Data
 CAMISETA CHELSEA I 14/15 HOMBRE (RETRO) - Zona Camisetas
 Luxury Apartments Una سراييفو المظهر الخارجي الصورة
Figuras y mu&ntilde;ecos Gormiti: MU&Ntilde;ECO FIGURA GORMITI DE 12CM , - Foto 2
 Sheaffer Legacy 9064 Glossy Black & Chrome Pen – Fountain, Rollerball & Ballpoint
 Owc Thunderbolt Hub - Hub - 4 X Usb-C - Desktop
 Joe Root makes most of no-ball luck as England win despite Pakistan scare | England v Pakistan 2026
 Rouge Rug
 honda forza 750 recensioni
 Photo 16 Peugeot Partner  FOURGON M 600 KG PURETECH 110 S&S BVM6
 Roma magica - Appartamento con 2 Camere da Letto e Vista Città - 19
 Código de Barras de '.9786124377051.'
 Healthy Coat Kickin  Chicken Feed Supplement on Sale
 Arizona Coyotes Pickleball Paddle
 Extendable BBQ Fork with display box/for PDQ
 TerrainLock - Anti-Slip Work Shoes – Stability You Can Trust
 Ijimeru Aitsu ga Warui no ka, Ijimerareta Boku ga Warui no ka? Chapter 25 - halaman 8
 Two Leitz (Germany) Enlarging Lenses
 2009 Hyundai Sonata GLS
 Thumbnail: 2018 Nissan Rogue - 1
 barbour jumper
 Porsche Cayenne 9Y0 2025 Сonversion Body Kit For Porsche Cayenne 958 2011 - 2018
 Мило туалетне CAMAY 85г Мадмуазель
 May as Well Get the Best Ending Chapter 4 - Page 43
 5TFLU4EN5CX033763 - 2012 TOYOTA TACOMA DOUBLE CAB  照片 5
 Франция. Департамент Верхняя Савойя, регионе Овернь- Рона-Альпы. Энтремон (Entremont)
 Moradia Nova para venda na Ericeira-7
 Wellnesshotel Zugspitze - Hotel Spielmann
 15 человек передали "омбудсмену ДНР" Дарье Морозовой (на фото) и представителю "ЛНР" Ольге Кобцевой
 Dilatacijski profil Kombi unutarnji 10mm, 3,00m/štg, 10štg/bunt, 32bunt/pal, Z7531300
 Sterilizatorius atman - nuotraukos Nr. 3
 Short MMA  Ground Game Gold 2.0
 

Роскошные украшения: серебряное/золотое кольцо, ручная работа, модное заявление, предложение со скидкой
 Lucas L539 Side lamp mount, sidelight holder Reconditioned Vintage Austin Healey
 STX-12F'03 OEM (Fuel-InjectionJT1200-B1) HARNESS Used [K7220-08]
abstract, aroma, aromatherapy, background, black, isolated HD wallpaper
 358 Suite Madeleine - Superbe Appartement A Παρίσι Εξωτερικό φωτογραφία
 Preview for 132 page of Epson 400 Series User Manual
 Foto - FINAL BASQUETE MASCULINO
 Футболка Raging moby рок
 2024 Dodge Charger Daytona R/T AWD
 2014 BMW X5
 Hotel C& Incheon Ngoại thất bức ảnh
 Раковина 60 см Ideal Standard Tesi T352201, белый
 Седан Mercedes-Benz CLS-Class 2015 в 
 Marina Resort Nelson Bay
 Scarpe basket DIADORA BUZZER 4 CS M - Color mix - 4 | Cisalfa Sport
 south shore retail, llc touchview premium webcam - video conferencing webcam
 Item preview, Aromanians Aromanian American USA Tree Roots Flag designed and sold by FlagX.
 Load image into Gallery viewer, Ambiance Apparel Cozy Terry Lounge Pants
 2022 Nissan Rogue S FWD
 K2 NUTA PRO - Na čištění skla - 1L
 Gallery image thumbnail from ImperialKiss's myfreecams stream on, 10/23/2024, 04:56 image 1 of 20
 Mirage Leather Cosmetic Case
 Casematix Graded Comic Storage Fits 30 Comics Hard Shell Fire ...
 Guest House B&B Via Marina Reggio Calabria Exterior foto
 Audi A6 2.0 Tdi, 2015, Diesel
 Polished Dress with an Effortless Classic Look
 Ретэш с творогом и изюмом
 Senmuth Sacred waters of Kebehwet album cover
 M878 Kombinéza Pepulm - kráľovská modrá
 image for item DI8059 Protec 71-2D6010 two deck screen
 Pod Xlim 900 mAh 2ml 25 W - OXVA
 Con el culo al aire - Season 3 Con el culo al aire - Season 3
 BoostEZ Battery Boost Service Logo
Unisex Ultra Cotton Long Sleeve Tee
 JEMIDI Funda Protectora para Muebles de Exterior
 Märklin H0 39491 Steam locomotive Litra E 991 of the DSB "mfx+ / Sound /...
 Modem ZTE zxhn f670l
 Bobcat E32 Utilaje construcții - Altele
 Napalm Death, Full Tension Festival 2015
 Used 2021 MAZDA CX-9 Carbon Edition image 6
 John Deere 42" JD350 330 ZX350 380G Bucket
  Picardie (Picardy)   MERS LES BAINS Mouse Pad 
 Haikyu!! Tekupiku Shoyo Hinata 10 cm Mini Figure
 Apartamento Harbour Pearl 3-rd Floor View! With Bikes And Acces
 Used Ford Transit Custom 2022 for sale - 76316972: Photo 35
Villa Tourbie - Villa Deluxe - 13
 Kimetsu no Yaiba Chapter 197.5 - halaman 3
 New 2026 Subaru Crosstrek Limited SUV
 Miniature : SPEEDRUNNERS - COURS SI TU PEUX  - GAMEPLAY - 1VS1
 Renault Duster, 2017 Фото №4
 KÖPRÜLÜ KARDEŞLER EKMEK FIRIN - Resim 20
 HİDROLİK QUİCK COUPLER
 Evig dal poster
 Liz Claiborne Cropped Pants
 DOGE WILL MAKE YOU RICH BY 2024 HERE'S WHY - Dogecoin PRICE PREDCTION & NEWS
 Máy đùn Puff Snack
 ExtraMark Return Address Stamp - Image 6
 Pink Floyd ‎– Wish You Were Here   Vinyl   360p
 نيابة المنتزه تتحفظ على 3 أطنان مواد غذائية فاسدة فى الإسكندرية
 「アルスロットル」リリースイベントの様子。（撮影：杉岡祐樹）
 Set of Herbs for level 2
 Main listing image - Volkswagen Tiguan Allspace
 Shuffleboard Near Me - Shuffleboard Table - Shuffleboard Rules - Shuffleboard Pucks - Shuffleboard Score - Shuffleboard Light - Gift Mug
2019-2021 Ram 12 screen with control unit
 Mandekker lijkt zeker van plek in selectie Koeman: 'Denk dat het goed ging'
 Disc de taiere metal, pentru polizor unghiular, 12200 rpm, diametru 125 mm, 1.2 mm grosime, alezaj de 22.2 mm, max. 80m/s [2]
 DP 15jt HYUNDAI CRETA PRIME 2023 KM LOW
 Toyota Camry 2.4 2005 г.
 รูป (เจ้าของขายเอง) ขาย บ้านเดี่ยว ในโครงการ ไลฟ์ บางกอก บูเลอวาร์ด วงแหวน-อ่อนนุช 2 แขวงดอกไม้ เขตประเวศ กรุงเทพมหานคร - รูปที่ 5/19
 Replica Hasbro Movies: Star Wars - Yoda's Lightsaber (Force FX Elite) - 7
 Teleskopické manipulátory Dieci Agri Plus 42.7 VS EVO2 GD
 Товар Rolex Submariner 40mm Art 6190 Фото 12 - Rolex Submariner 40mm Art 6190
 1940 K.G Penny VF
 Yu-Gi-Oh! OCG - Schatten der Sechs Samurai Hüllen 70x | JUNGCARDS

What you will do
Produce only the lines from the line containing "Moradia Nova para venda na Ericeira-7" through the line containing "2022 Nissan Rogue S FWD", inclusive of both, exactly as they stand in the entries above.

Solution to this exercise
 Moradia Nova para venda na Ericeira-7
 Wellnesshotel Zugspitze - Hotel Spielmann
 15 человек передали "омбудсмену ДНР" Дарье Морозовой (на фото) и представителю "ЛНР" Ольге Кобцевой
 Dilatacijski profil Kombi unutarnji 10mm, 3,00m/štg, 10štg/bunt, 32bunt/pal, Z7531300
 Sterilizatorius atman - nuotraukos Nr. 3
 Short MMA  Ground Game Gold 2.0
 

Роскошные украшения: серебряное/золотое кольцо, ручная работа, модное заявление, предложение со скидкой
 Lucas L539 Side lamp mount, sidelight holder Reconditioned Vintage Austin Healey
 STX-12F'03 OEM (Fuel-InjectionJT1200-B1) HARNESS Used [K7220-08]
abstract, aroma, aromatherapy, background, black, isolated HD wallpaper
 358 Suite Madeleine - Superbe Appartement A Παρίσι Εξωτερικό φωτογραφία
 Preview for 132 page of Epson 400 Series User Manual
 Foto - FINAL BASQUETE MASCULINO
 Футболка Raging moby рок
 2024 Dodge Charger Daytona R/T AWD
 2014 BMW X5
 Hotel C& Incheon Ngoại thất bức ảnh
 Раковина 60 см Ideal Standard Tesi T352201, белый
 Седан Mercedes-Benz CLS-Class 2015 в 
 Marina Resort Nelson Bay
 Scarpe basket DIADORA BUZZER 4 CS M - Color mix - 4 | Cisalfa Sport
 south shore retail, llc touchview premium webcam - video conferencing webcam
 Item preview, Aromanians Aromanian American USA Tree Roots Flag designed and sold by FlagX.
 Load image into Gallery viewer, Ambiance Apparel Cozy Terry Lounge Pants
 2022 Nissan Rogue S FWD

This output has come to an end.